Uchumi files for bankruptcy

What you need to know:

Shut. The retailer closed outlets in Uganda over making losses


The increasing number of lawsuits against Uchumi Supermarkets (Uganda) Ltd has prompted the beleaguered company to petition the High Court to wind up its operations to safeguard its remaining assets from creditors.

If successful, the liquidation petition filed on December 7, 2015 at the High Court would see the company’s assets placed in the custody of the Attorney General as the official receiver.

Several creditors have execution orders while other cases are pending before different courts. The unsettled dues include money owed to suppliers, landlords and employees who will be rendered jobless.

The board of directors of Uchumi Supermarkets Ltd, the majority shareholder in Uchumi Supermarkets (Uganda), blames low sales, stocks and fraud for the challenges that have rendered the Uganda operation commercially unviable.

“Your petitioner has had working capital constraints that have resulted in delayed payments to suppliers. As of July 31, 2015, your petitioner had outstanding payables amounting to Shs8.8b ($2.62m),” said company secretary John K. Wambugu, in an affidavit to the court.

The High Court invited all interested creditors to reply to Uchumi’s petition within 15 days from December 10, 2015 the date they were notified through a court directive.

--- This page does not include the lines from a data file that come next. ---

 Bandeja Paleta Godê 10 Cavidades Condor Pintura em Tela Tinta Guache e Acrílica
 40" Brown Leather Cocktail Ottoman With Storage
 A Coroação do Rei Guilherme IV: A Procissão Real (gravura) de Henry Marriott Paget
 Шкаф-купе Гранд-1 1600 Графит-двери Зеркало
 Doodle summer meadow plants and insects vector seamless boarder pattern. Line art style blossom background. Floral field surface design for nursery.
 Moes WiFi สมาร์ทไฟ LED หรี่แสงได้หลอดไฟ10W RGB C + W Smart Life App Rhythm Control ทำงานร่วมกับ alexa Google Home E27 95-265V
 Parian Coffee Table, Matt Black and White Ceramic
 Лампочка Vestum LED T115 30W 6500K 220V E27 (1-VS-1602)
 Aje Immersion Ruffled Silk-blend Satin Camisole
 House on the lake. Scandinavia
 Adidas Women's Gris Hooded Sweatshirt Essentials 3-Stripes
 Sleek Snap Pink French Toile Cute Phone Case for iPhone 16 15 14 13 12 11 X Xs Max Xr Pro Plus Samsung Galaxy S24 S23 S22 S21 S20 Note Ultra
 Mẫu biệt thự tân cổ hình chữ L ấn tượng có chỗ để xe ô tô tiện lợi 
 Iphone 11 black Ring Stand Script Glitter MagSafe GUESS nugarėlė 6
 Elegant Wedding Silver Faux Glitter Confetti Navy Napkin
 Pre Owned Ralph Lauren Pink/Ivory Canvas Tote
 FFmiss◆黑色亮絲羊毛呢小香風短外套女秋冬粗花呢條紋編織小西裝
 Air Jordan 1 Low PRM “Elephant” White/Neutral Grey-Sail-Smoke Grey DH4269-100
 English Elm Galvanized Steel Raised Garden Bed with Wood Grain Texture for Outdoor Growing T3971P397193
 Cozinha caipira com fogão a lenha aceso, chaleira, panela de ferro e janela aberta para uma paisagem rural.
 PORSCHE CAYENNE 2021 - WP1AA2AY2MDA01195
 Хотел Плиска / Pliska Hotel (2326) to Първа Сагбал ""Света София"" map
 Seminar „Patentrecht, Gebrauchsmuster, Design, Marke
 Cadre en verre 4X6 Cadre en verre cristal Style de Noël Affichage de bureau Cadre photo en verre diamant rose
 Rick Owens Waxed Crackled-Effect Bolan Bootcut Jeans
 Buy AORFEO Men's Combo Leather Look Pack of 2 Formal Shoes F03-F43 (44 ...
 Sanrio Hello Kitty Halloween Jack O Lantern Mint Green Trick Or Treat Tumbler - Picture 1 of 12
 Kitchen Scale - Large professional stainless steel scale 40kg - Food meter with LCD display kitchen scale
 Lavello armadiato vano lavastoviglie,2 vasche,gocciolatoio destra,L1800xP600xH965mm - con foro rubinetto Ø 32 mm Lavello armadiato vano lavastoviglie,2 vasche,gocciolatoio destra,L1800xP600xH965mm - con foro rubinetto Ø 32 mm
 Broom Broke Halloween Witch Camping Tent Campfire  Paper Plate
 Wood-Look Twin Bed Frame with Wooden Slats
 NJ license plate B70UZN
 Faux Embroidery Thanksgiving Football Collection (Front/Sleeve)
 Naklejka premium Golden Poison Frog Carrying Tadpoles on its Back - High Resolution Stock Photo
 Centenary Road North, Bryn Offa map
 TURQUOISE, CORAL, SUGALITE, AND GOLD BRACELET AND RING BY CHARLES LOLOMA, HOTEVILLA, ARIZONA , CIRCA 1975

The submissions will be heard from February 22.

Uchumi’s operations are projected to have a negative cash position of Shs23.8b ($7.1m) by end of December 2015, up from Shs12.7b ($3.78m) in September. Documents filed in court show that the company had incurred a net loss of Shs10.3b ($3.062m) as of June 30, 2014. Between January and June 2015, losses registered Shs295m ($87,713).

The company opened shop in Uganda with a nominal capital of Shs5.296b ($1.6m) in May 2001. The main branch was at Garden City.
Other branches were opened in the city suburbs of Kabalagala and Nateete, as well as the upcountry towns of Mbale and Gulu. A move to expand to Mbarara failed due to the losses the Uganda operation was making.

Uchumi’s net asset position declined from Shs107m ($32,000) as of June 2012 to negative Shs19.4b ($5.780m) as of June 2014. “The decline was due to losses in the financial years 2012, 2013, 2014,” said Mr Wambugu.

Concerns are emerging over how Uchumi will settle its obligations with more than a dozen creditors including Crown Bottlers, Century Bottling Co. Ltd, Nateete Shopping Centre, Samona Products, Dembe Trading and landlords seeking their dues.
The employees have also included the rest of the shareholders in their lawsuit, plus CEO Julius Kipng’etich.

On top of that, entities that secured court orders prior to filing the petition have attached several assets already. For instance, Golf Course Holdings, the landlord at Garden City, has locked up the premises and denied the company access to the assets held there-in.
Ugachick Poultry Breeders Uganda Ltd has attached other assets from Garden City while Imperial Hardware Ltd has attached a 250KVA generator and two 500KVA generators.